2. An ocean liner is travelling \( 18 \mathrm{~km} / \mathrm{h} \) due south. A passenger on the deck walks toward the rear of the ship at \( 3.0 \mathrm{~m} / \mathrm{s} \).

To solve this problem, we need to determine the velocity of the passenger relative to the ground. We have two velocities to consider: 1. The velocity of the ocean liner, which is traveling due south at \( 18 \, \text{km/h} \). 2. The velocity of the passenger walking toward the rear of the ship at \( 3.0 \, \text{m/s} \). ### Step 1: Convert the speed of the ocean liner to the same units as the passenger's speed. The speed of the ocean liner is given in kilometers per hour (km/h), and we need to convert it to meters per second (m/s) for consistency. The conversion factor is: \[ 1 \, \text{km/h} = \frac{1000 \, \text{m}}{3600 \, \text{s}} = \frac{1}{3.6} \, \text{m/s} \] Now, we can convert \( 18 \, \text{km/h} \) to m/s: \[ v_{\text{liner}} = 18 \, \text{km/h} \times \frac{1}{3.6} \, \text{m/s} \approx 5 \, \text{m/s} \] ### Step 2: Determine the direction of the velocities. - The ocean liner is moving due south, which we can represent as a negative y-direction. - The passenger is walking toward the rear of the ship, which is also in the negative y-direction (since the ship is moving south). ### Step 3: Calculate the relative velocity of the passenger.

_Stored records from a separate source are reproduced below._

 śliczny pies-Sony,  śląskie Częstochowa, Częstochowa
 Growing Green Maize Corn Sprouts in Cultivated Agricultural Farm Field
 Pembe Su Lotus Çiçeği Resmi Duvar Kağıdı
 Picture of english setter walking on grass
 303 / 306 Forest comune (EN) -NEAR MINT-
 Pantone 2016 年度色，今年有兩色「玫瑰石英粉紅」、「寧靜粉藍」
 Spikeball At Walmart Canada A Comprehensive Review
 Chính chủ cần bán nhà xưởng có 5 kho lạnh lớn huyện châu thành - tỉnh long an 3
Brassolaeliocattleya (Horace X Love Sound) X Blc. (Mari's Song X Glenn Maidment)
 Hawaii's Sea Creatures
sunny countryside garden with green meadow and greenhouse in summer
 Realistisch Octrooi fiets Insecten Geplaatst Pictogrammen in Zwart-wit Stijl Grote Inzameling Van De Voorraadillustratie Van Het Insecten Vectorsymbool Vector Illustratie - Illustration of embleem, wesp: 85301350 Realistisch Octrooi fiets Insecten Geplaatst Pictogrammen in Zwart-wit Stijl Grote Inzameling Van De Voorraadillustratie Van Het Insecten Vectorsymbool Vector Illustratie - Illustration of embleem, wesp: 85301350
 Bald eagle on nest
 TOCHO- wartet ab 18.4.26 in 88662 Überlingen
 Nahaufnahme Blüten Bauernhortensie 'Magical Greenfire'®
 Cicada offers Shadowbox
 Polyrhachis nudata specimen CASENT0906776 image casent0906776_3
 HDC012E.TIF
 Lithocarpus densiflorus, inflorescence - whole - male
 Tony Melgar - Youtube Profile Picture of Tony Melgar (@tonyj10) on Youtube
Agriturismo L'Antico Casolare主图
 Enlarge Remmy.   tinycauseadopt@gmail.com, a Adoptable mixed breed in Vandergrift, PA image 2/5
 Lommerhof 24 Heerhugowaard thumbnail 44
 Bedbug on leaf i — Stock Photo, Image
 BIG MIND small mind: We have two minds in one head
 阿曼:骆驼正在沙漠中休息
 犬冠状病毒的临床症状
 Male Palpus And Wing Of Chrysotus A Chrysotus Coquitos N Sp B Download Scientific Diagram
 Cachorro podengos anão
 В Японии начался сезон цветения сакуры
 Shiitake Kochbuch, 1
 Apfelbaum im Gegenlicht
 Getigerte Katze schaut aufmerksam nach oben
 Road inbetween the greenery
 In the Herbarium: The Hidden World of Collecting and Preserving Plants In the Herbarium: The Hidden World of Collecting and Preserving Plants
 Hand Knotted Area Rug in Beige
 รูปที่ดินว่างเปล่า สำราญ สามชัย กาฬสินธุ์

The velocity of the passenger relative to the ground can be calculated by subtracting the passenger's speed from the liner's speed (both in the negative y-direction): \[ v_{\text{passenger, ground}} = v_{\text{liner}} - v_{\text{passenger}} = 5 \, \text{m/s} - 3.0 \, \text{m/s} = 2 \, \text{m/s} \] ### Conclusion The passenger's velocity relative to the ground is \( 2 \, \text{m/s} \) due south.